Certains des descendants directs des propriétaires d’esclaves sont bien connus: George Orwell, Graham Greene et Quintin Hogg – sans oublier les banques et des cabinets d’avocats qui se sont développé grâce aux bénéfices de l’esclavage. En se concentrant sur les propriétaires d’esclaves, notre but n’est pas de les nommer et de les couvrir de honte. Nous voulons déconstruire l’oubli: pour nous souvenir de nouveau, comme Toni Morrison le dit : pour reconnaître de quelles manières les fruits de l’esclavage font partie de notre histoire collective – sont incorporés dans notre pays et dans les propriétés, dans les organisations philanthropiques, les collections d’art , les banques d’affaires et les cabinets d’avocats, les chemins de fer, et les modes de pensée que nous continuons d’avoir au sujet de la race. Les propriétaires d’esclaves furent activement impliqués dans la reconfiguration de la race après l’esclavage, en popularisant de nouvelles légitimations de l’inégalité qui demeurent une partie du patrimoine du passé colonial de la Grande-Bretagne. Le Capitaine Marryat, fils d’un important propriétaire d’esclaves, et un des écrivains les plus populaires de fiction navale et d’histoires pour enfants, racialisait systématiquement les « autres », en créant des hiérarchies dans lesquelles les blancs Anglo-Saxons occupaient toujours le sommet.

Dans les Caraïbes, un mouvement est en train de se construire pour des formes de dédommagement pour les grossières inégalités et le sous-développement qui ont persisté depuis l’époque de l’esclavage.

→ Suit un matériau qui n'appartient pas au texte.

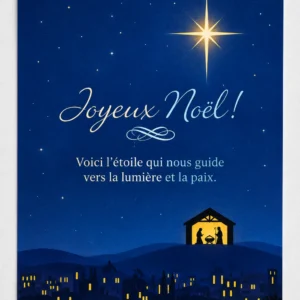 Carte simple Noël - 10,5 x 15 cm (bleu)- Joyeux Noël! Voici l'étoile qui......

Ils mettent l’accent sur la responsabilité de l’État et du gouvernement. En démontrant la dette de la Grande-Bretagne à cause de l’esclavage, une des façons par lesquelles la Grande-Bretagne moderne a bénéficié de son passé colonial et a été défiguré par ce dernier, nous espérons contribuer à une compréhension plus riche et plus honnête des connexions de l’histoire de l’empire que ce que l’on retrouve dans l’esprit de clocher et les obfuscations de « island story »de Michael Gove.